Another approach is for experts in an area to act as "Internet librarians" and collate information for a particular area. The is being done by the World Wide Web Virtual Library, EINet Galaxy, and the Global Network Navigator Whole Internet Catalog. Currently these types of services are just pointers to available information resources. What is really needed is for this information to be placed in context. For example, resources could be grouped as to whether they were more suitable for research groups, undergraduates, high school students or younger children. Some explanatory structure is also helpful, rather than just having a list of hyperlinks pointing to various information resources. This kind of material is currently quite rare and often hard to find, and generally is only available in a few specialized subject areas.
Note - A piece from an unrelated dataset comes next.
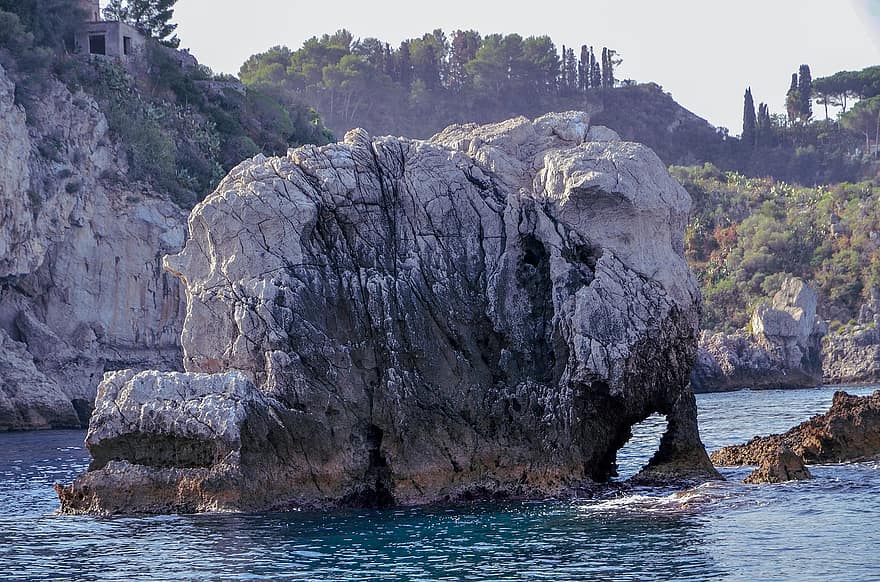 rock elephant sea taormina sicily italy travel tourism landscape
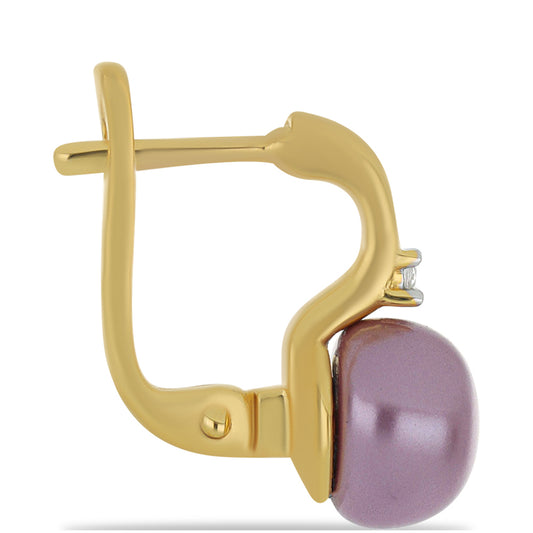 Kullatut hopeat Korvakorut Violetilla Makeanveden Helmellä ja Valkoisella Topaasilla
Research and development continues to enhance the functionality of the WWW, Mosaic, HTML, and the HyperText Transfer Protocol (HTTP). An updated HTML standard, known as HTML+, should be available soon, with support for more advanced formatting features such as tables, centering, etc. There is a lot of ongoing work on developing new HTML browsers, editors, and tools. There is also a great deal of related development of networks, driven in particular by the US National Information Infrastructure (NII, or "Information Superhighway") project, and the development of new networking technologies such as Asynchronous Transfer Mode (ATM). These should further advance the use and usability of global hypermedia information systems such as the World Wide Web.